The interconnectedness of all matter on Earth.
To mark the 50th anniversary of Earth Day, which takes the climate as its theme, we speak to Natalie Field, a South African artist, activist and bio-surrealist. The climate’s central role in this century and ones to come makes this year’s Earth Day theme undoubtedly the event’s most important, and in this respect Field’s work and approach resonates strongly with what is needed now, making it especially relevant.
It took an existential crisis four years ago “to put things in perspective” for Field, causing her to “focus on what she had to offer as an artist and activist”. This has been the drive and motivation in her work and life ever since: to not only create art that addresses environmental issues but to also trigger “conversation around conservation”.
Field´s artistic expression is not only educated, poetic and intense, it also has a magnifying effect – a highly compelling way of bringing the viewer close up with “this infinite cycle of life”.
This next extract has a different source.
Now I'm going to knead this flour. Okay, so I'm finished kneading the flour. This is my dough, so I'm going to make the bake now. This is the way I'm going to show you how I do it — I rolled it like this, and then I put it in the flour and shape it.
In other words, Natalie Field’s work celebrates our Earth and its greatest creation: Nature
Conversations around conservation
Which of these elements (space, air, fire, water, earth) would you choose in relation to your practice and/or yourself, and why?
Definitely Earth. I am a carbon-based life form living on a carbon-based planet, drawing inspiration from my surroundings to create.
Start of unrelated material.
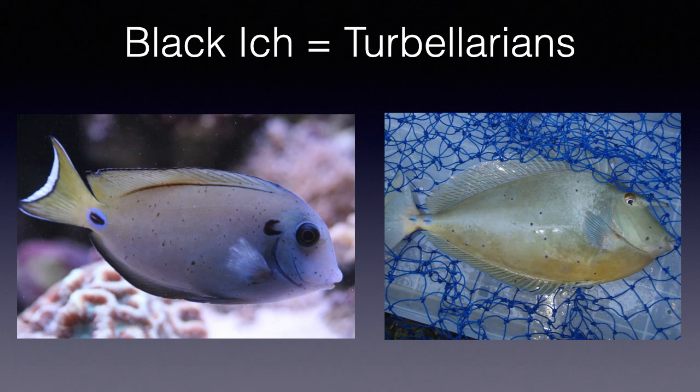Black ick is ick in name only and has no relation to the infamous marine ick parasite, Cryptocaryon irritans. These are actually tubularian worms. They are easily distinguishable on a fish as small black dots, as you can see in the photos here. Tangs are most often afflicted, and black ick should not be confused with clownfish hypermelanization.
My practice revolves around deconstructing Nature, capturing botanical, entomological and zoological elements to reconstruct images that reveal the interconnectedness of all matter on Earth.
Is there a particular situation you can remember that inspired you to become an artist?
I have always expressed myself through art, but I didn’t fully answer the call to be an artist until I experienced an existential crisis in early 2016.
That put things into perspective for me.
I realized then that life is a gift.
Every day an opportunity to experience the beauty of this incredible planet.
I wanted to live in the moment and spend more time in the wild places of the Earth.
And focus on what value I have to offer as an artist and activist.
This is what motivates me to create art around environmental issues and start conversations around conservation.
Perhaps now, with our planet experiencing an existential crisis due to COVID-19, we will see more people awaken to their true purpose.
Artist and activist Natalie Field
Life, the universe and everything
Do you consider yourself spiritual and how does this feed into your work?
I kickstarted this new artistic journey by attending an artist residency at the Arteles Creative Center in Finland in October 2016. I needed time process my mortality and began questioning my own beliefs about “life, the universe and everything”.
Through the series “Human.Nature”, I explored the mercurial and ephemeral nature of Nature through concepts around creation, evolution, metamorphosis and the transmigration of the soul.
After much contemplation, I don’t know if I would call myself spiritual, but I do believe there is an eternal energy that resonates through all the universe.
After all, the first law of thermodynamics states that energy cannot be created nor destroyed, it can only be changed from one form to another. In time, this energy that was once you will transmute to form new life.
To me, this continuation of the life-force is the transmigration of the soul.
My work celebrates this infinite cycle of life, a theme that has become prevalent throughout my projects.
Is there a book you are reading you want to share here with us?
I recently read Robyn Wall Kimmerer’s “Braiding Sweetgrass” and have been recommending it to everyone! Kimmerer combines her scientific views as a botanist with her indigenous knowledge as a Potawatomi woman to compile a beautifully written book that makes you want to go outside and reconnect with the gifts of Nature, whether it is in your garden or in the wilderness.
She shares her personal journey back to her roots as a member of the Potawatomi through anecdotal stories and curious revelations as she follows the connections between science and indigenous knowledge.
She gives me hope that we can live in harmony with our environment.
Saudades …
Aesthetics and Process aside, is there a certain emotion you want to trigger with your work?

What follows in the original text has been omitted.